O futuro de Michel Temer à frente da presidência do Brasil pode ser por estes dias periclitante – está dependente da decisão da Câmara dos Deputados para saber se será julgado devido às suspeitas de corrupção passiva -, mas a aprovação de uma das suas bandeiras políticas no Senado, na passada terça-feira, foi uma clara vitória da sua frágil liderança e uma impetuosa faca espetada no coração do país idealizado por Lula da Silva, continuado por Dilma Rousseff.
Fortemente criticada pelo Partido dos Trabalhadores (PT) e pelos movimentos sindicais e geradora de algumas das mais concorridas greves e manifestações do passado recente brasileiro, o texto da reforma laboral proposta pela coligação governamental que suporta a presidência de Temer foi aprovado na câmara alta do congresso, com 50 votos a favor, 26 contra e uma abstenção, numa sessão que durou mais de sete horas e que incluiu cortes de eletricidade como forma de protesto de alguns senadores. “Essa aprovação definitiva da proposta é uma vitória do Brasil na luta contra o desemprego e na construção de um país mais competitivo”, congratulou-se o chefe de Estado brasileiro, que sempre defendeu que a reforma se destinava a desburocratizar a legislação, nomeadamente no que toca aos processos de admissão e demissão de empregadores.

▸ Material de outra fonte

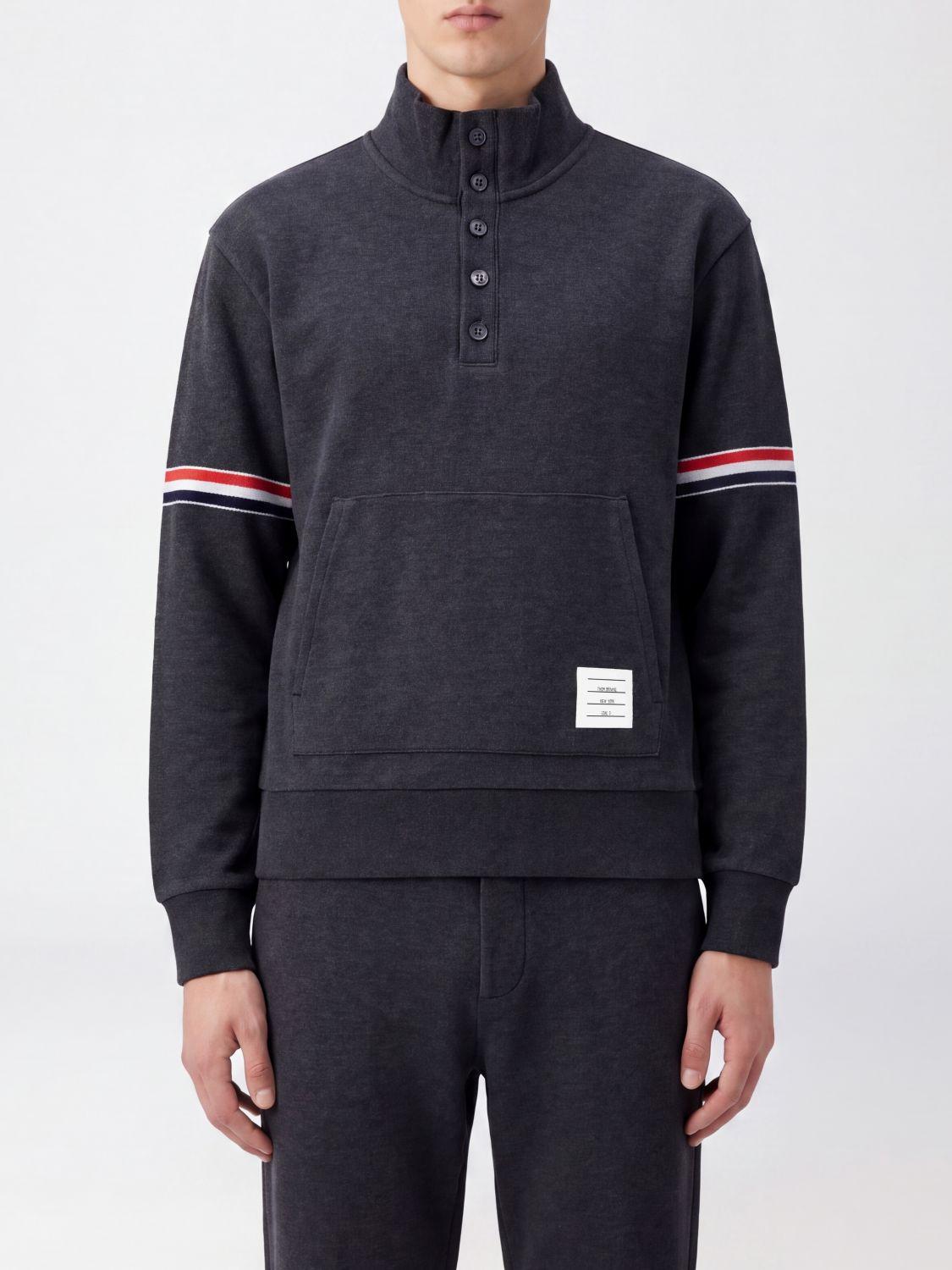 THOM BROWNE Grey Cotton Crewneck Sweatshirt for Men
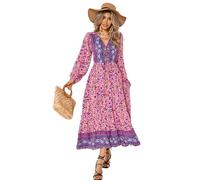 R.Vivimos Vestido De Manga Larga De Mujer con Cuello En V Vestido Largo Bohemio con Volantes En Forma De A Vestido De Playa(L,PeachPink)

Embora não revoguem quaisquer direitos previstos na Constituição brasileira, as alterações legislativas redefinem algumas das normas da Consolidação das Leis do Trabalho (CLT), de 1943, permitindo que muitas delas sejam passíveis de negociação entre patrão e empregado. Segundo a organização não-governamental Repórter Brasil, a possibilidade de prevalência de acordos coletivos de trabalho face às disposições da CLT, facilita, em última análise, medidas internas como o aumento das horas de trabalho até 12 horas diárias – até um máximo de 48 horas semanais -, a consequente redução das horas de descanso, a contratação com poucas restrições de trabalhadores independentes ou a redefinição daquilo que a lei define como um “ambientes de trabalho insalubre”.
Esta facilitação, referem alguns especialistas contactados pela ONG, podem vir a resultar no regresso do país aos tempos da escravatura. “As mudanças criam condições legais e permitem que a legislação banalize aquelas condições que identificamos como trabalho análogo ao escravo”, lamenta Luís Alexandre de Faria, auditor-fiscal de trabalho. Esta figura jurídica vem definida no Código Penal Brasileiro e depende da verificação de pelo menos um de seguintes elementos: condições degradantes de trabalho, jornada exaustiva, trabalho forçado e servidão por dívida.
Maurício Ferreira Brito, responsável máximo pela Coordenadoria Nacional de Erradicação do Trabalho Escravo do Ministério Público do Trabalho, alerta também para os riscos criados pela oficialização do “negociado sobre o legislado”, nomeadamente para a facilitação da contratação de intermediários e terceiros. “A nossa experiência no combate ao trabalho escravo mostra (…) que quem contrata [nestas condições] procura esquivar-se da responsabilidade”, afirma.
A reforma de Temer resultou ainda no fim da obrigatoriedade da contribuição sindical, uma medida que as entidades de representação laboral veem como uma tentativa de enfraquecer os sindicatos brasileiros. “Os sindicatos devem manter-se pelo serviço que prestam aos seus associados e não pelas benesses do governo”, defende Nelson Mussolini, presidente do sindicato de representação da indústria farmacêutica, citado pela “Folha de São Paulo”.
Lula da Silva já garantiu que está “no jogo” e que a condenação decretada pelo juiz Sérgio Moro não o impedirá de se candidatar às presidenciais de 2018. A sua missão pessoal e partidária de defesa dos trabalhadores brasileiros focar-se-á, seguramente, na reforma de Michel Temer, caso seja habilitado a concorrer. O Brasil de Temer não é o Brasil de Lula. E o petista não vacilará em valer-se desse argumento como arma de arremesso.